START Exercise data

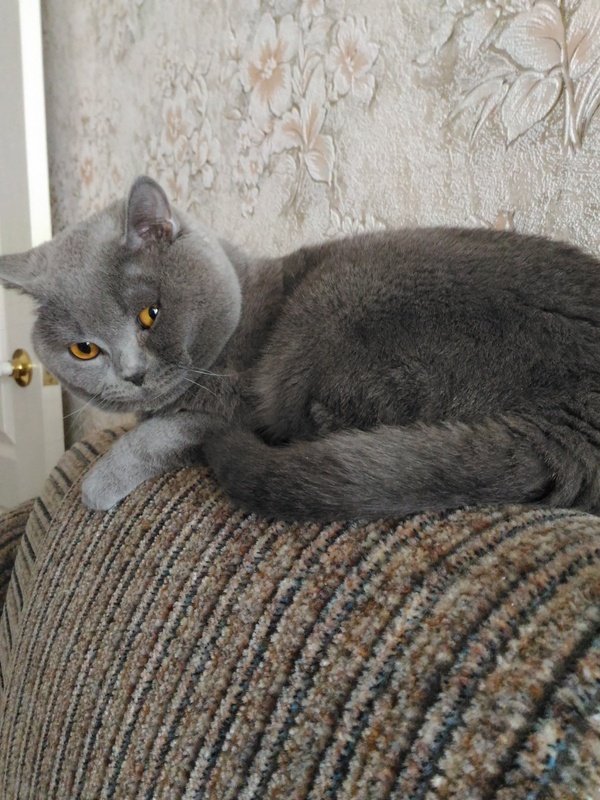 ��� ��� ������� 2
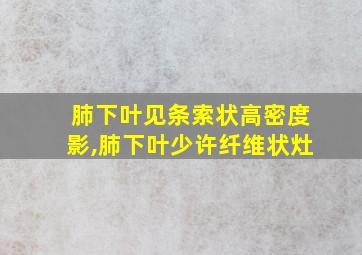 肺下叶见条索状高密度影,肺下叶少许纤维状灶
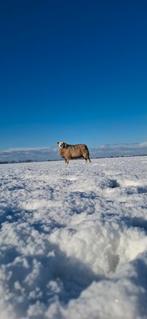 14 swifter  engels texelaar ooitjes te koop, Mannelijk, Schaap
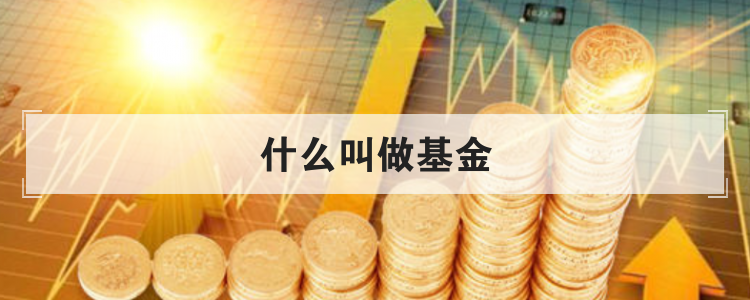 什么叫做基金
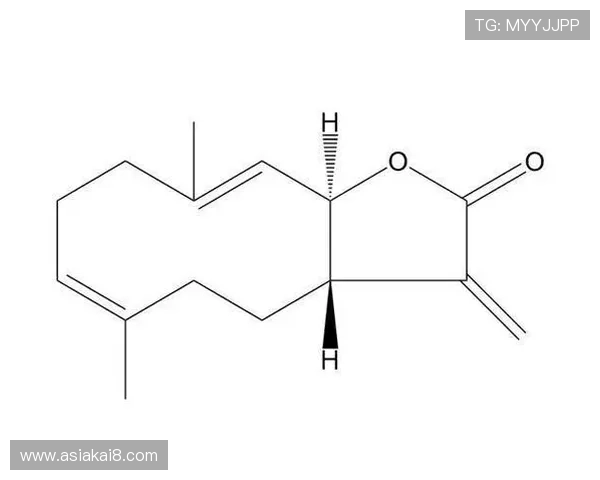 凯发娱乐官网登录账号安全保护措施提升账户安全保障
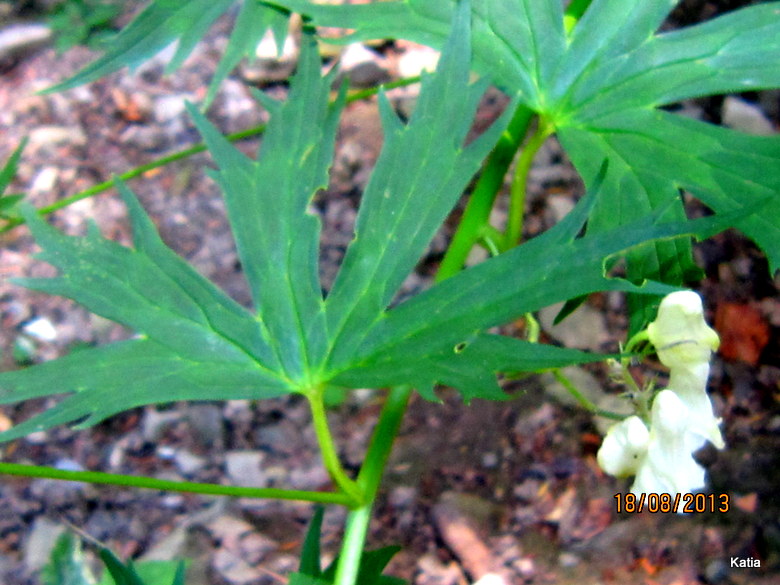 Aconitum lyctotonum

END Exercise data

• What to work on: Lines before the one containing "koop, Mannelijk, Schaap" are not wanted; repeat that line and the rest of the listing exactly, leaving out pictures.

• Result of this task:
 14 swifter  engels texelaar ooitjes te koop, Mannelijk, Schaap
 什么叫做基金
 凯发娱乐官网登录账号安全保护措施提升账户安全保障
 Aconitum lyctotonum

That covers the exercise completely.